PROBLEM TO SOLVE> Would you please output all the records exactly as given? Pictures should not appear in the copy.

DATA FOR PROCESSING>

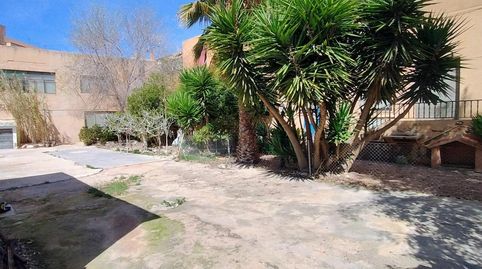 SE VENDE CHALET Y EDIFICIO DE 2 PLANTAS EN PETRER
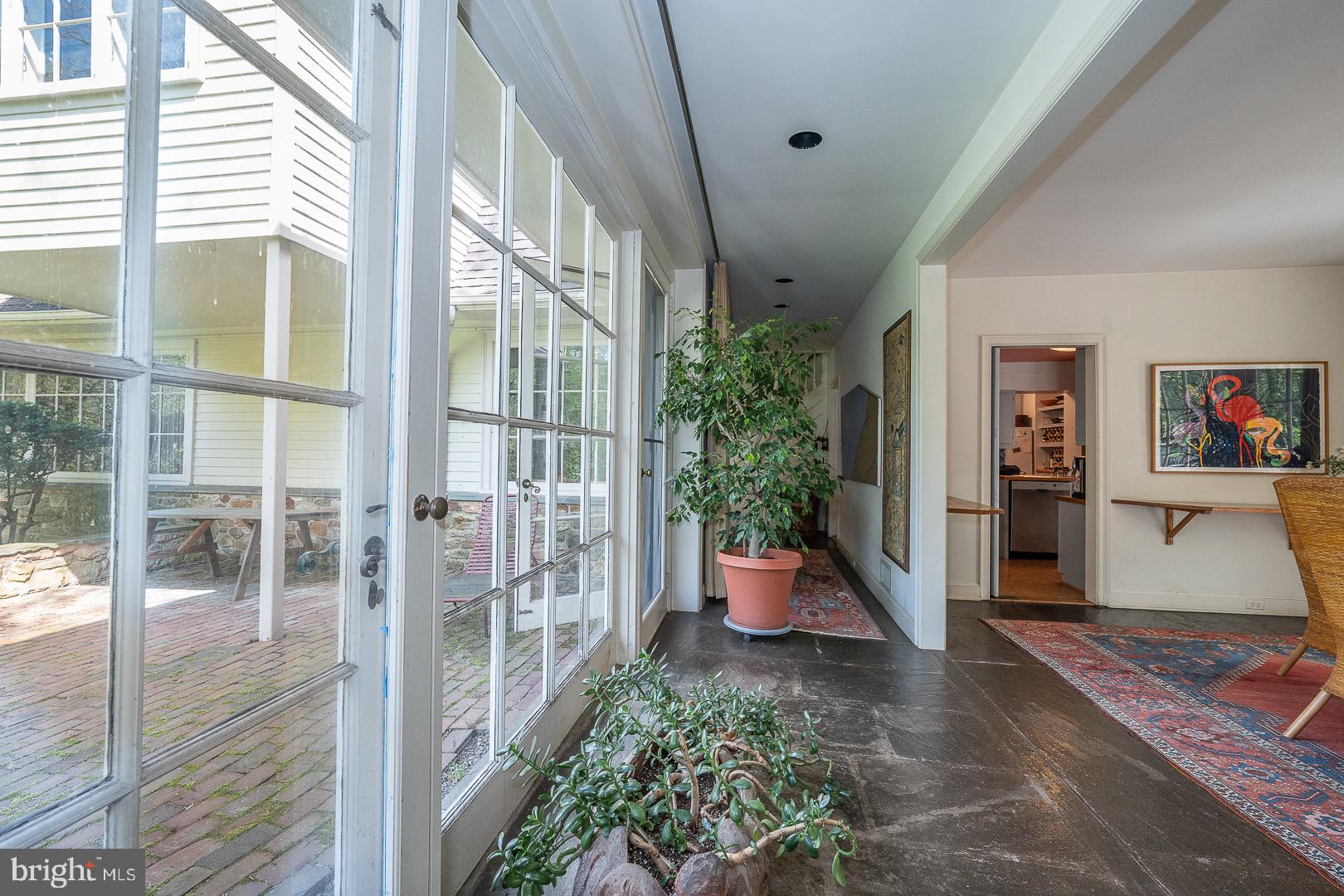 BRYN MAWR - Residential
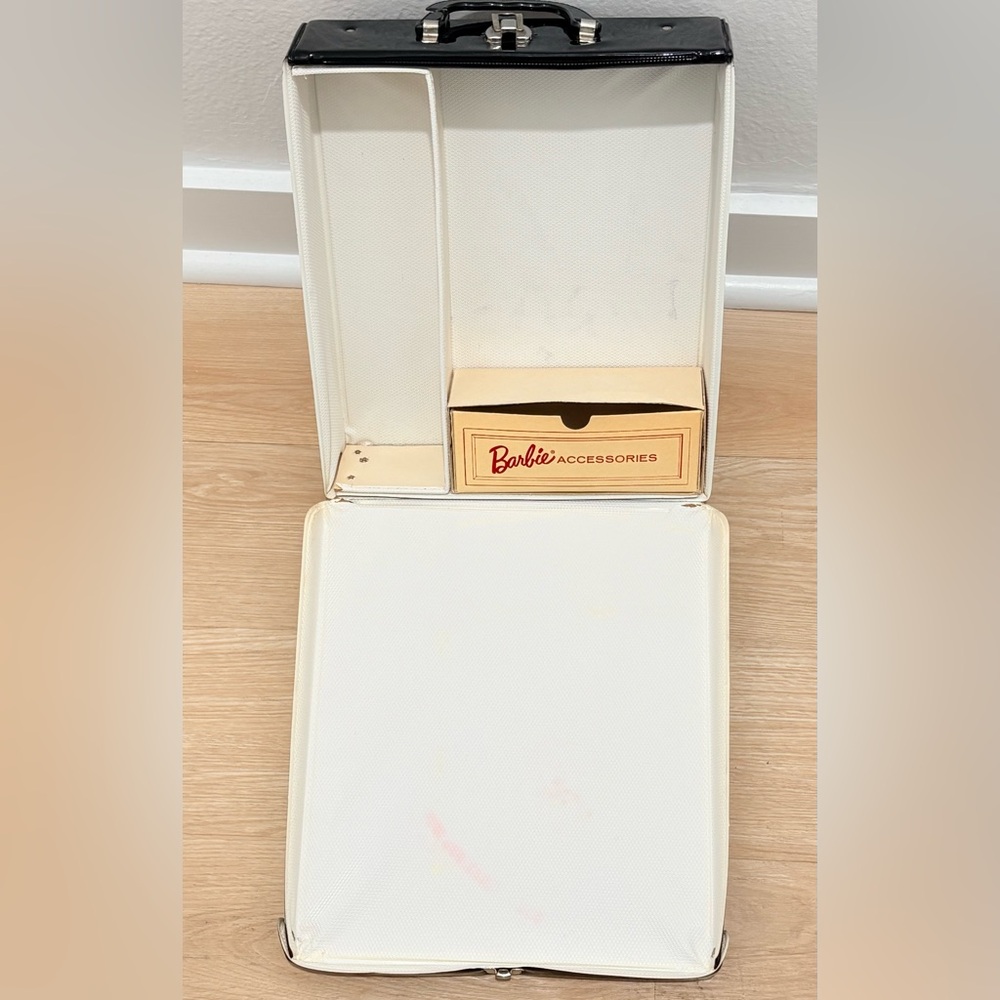 VINTAGE BARBIE MATTEL
BLACK DOLL CARRYING
CASE VIVID BOLD COLORS
COLLECTIBLE - Picture 5 of 13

SOLUTION>
 SE VENDE CHALET Y EDIFICIO DE 2 PLANTAS EN PETRER
 BRYN MAWR - Residential
 VINTAGE BARBIE MATTEL
BLACK DOLL CARRYING
CASE VIVID BOLD COLORS
COLLECTIBLE - Picture 5 of 13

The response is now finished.